Askeri Yüksek İdare Mahkemesi 2. Daire 2011/836 Esas 2013/179 Karar
Karar Dilini Çevir:
AskeriYüksekİdareMahkemesi
Dairesi: 2. Daire
Esas No: 2011/ 836
Karar No: 2013 / 179
Karar Tarihi: 13.02.2013

(2709 S. K. m. 125)

Davacı vekili 25.05.2011 tarihinde kayda alınan dava dilekçesinde özetle; davacının 2002 yılında girdiği sınavlarda başarılı olması üzerine Askeri Liseyi kazandığım, yapılan sağlık kontrollerinden geçerek başladığı askeri lise eğitimini müteakip 2007 yılından itibaren de Kara Harp Okulumda askeri öğrenciliğe devam ettiğini, 3’ncü sınıf öğrencisi olduğu dönemde Kara Havacılık sınıflandırma muayenesi kapsamında Etimesgut Asker Hastanesinde yapılan muayenesi sonunda anılan Hastane Sağlık Kurulunun “mitral yetersizlik” tanısına dayalı olarak “D 42 F10 askeri öğrenci olamaz” kararı verilmesi üzerine geçici olarak okuldan uzaklaştırıldığını, geçici uzaklaştırma kararının 06.05.2011 tarihinde onaylanmasını müteakip 16.05.2011 tarihinde okulu ile ilişiğinin kesildiğini, askeri liseye girişte ve harp okuluna devam sürecinde tıbbi kontroller gereği gibi yapılmadığından çok başarılı bir öğrenci olan davacının başka eğitim kurumlan yerine askeri lise ve harp okuluna devam ettiğini, ancak lise çağından itibaren gördüğü askeri eğitimin bu şekilde sona ermesi ile yaşıtlarının 4 yıl gerisine düştüğü gibi yeniden eğitime başlamak için sarf edeceği zaman ve emek ile maddi kaynaklar dikkate alındığında davacının askerliğe engel nitelikteki rahatsızlığının geç fark edilmesinden kaynaklanan maddi ve manevi zararının bulunduğunu ileri sürerek bu zararlara karşılık olmak üzere 80.000.TL. maddi ve 10.000.TL. manevi olmak üzere toplam 90.000.TL. tazminatın olay tarihinden hesaplanacak yasal faizi ile beraber davacıyı ödenmesine karar verilmesini adli yardım istemli olarak talep ve dava etmiştir.

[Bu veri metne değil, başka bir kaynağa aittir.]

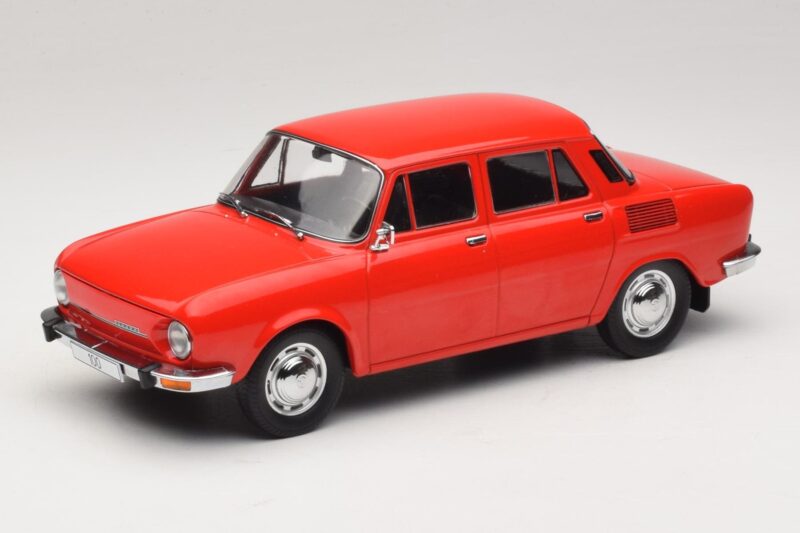 Skoda 100 Rood MCG 1:18 MCG18783 Metaal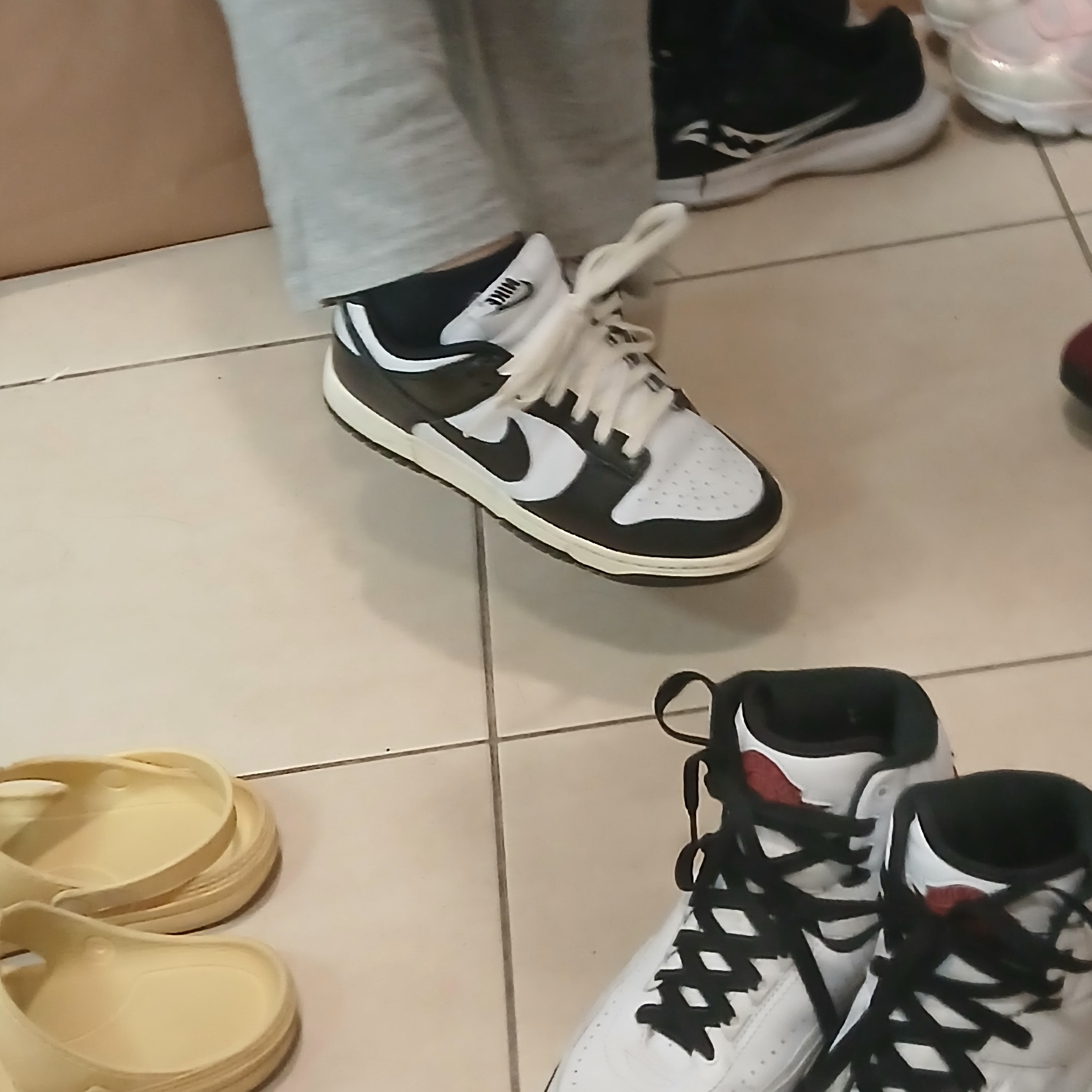 Nike Dunk Low Retro Black, Jordan 2 Retro OG Chicago 착용 스타일 - 4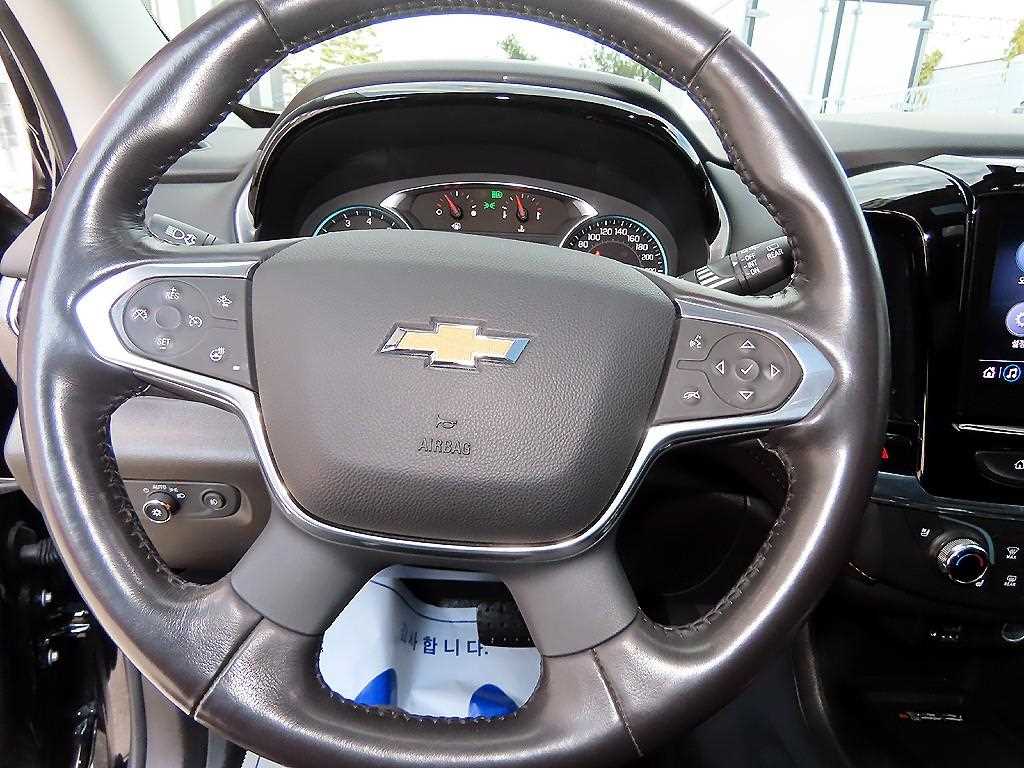 CHEVROLET Traverse — photo 08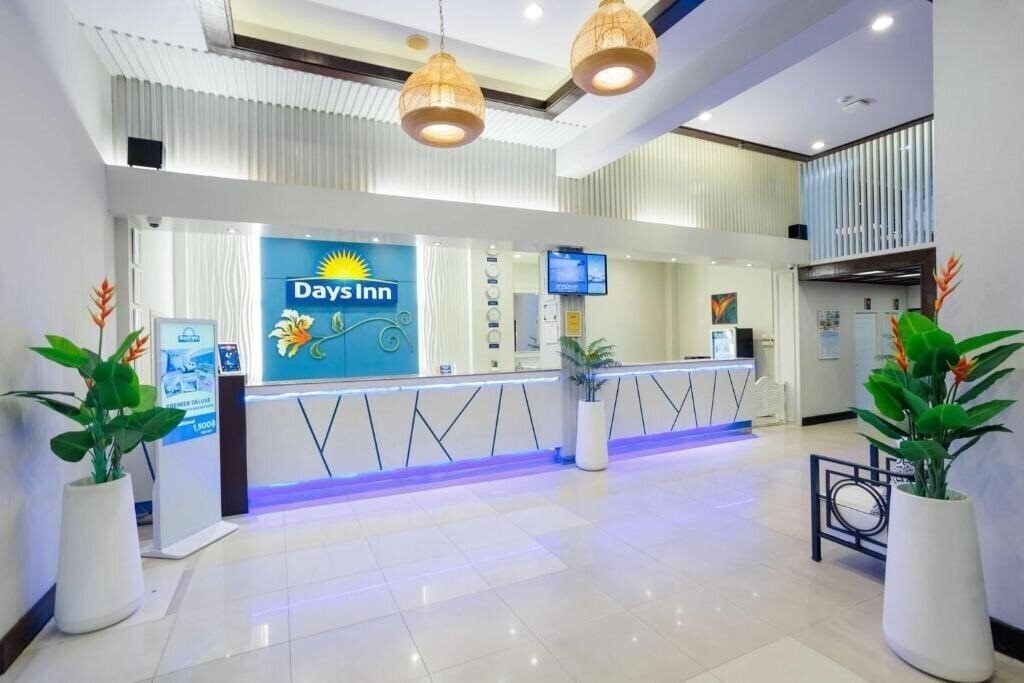 Картинка Days Inn by Wyndham Patong Beach 3*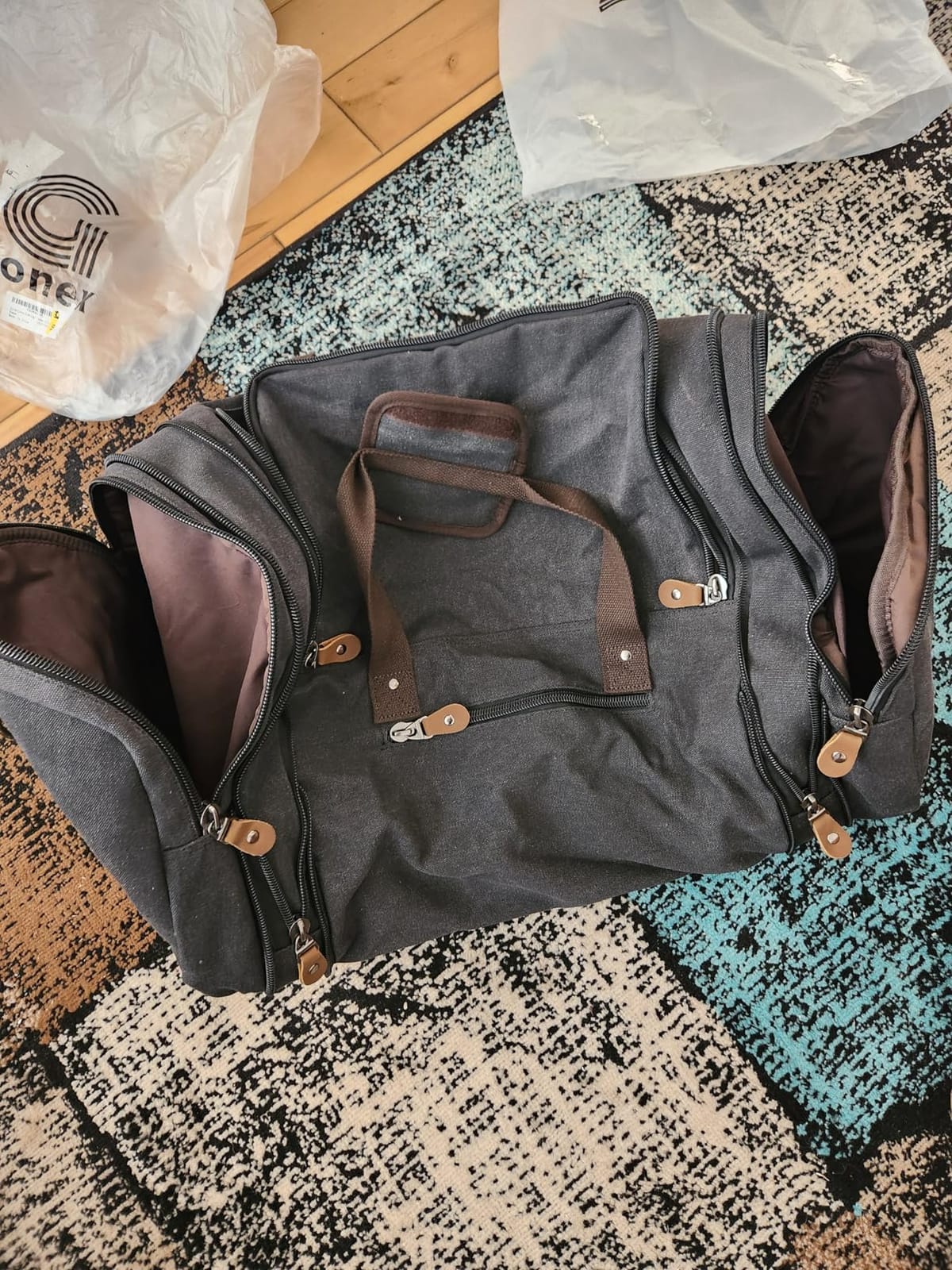 Gonex Canvas Duffle Bag, Expandable 60L Travel Overnight Weekender Bag customer photo 2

AYİM 2’nci Dairesinin 15.06.2011 tarih ve 2011/836 E. sayılı kararı ile davacının adli yardım talebinin kabulüne karar verilmiştir.

Dava dosyasındaki bilgi ve belgelerden; 2002-2007 yılları arasında Askeri Lise eğitimini müteakip askeri öğrenciliğe devam edebilmek için 06.04.2007 tarihinde İstanbul Gümüşsüyü Asker Hastanesince yapılan muayenesinde, harp okulu öğrenciliğine engel bir rahatsızlığı görülmeyerek “sağlam” olduğuna karar verilen ve bu karara istinaden Kara Harp Okuluna kabul edilen davacı Kazım ORHAN’ın, uçucu muayeneleri kapsamında Etimesgut Asker Hastanesince muayene edildiği ve 14.12.2011 tarihinde “mitral yetersizlik” tanısı konularak “D/42 F-10, Askeri Öğrenci Olamaz. ” kararı verildiği, bu raporlara istinaden sağlık nedeniyle Kara Harp Okulundan geçici olarak uzaklaştırıldığı, öğrencilikten çıkarma kararının K.K.K.lığınca 06.05.2011 tarihinde onaylandığı ve 16.05.2011 tarihinde ilişiğinin kesildiği, davacı vekilince 25.05.2011 tarihli dilekçe ile 80.000 TL maddi ve 10.000 TL manevi olmak üzere toplam 90.000 TL tutarındaki tazminatın yasal faiziyle birlikte ödenmesine karar verilmesi talebiyle MSB.lığı aleyhine AYİM’ de süresi içinde işbu davanın açıldığı anlaşılmıştır.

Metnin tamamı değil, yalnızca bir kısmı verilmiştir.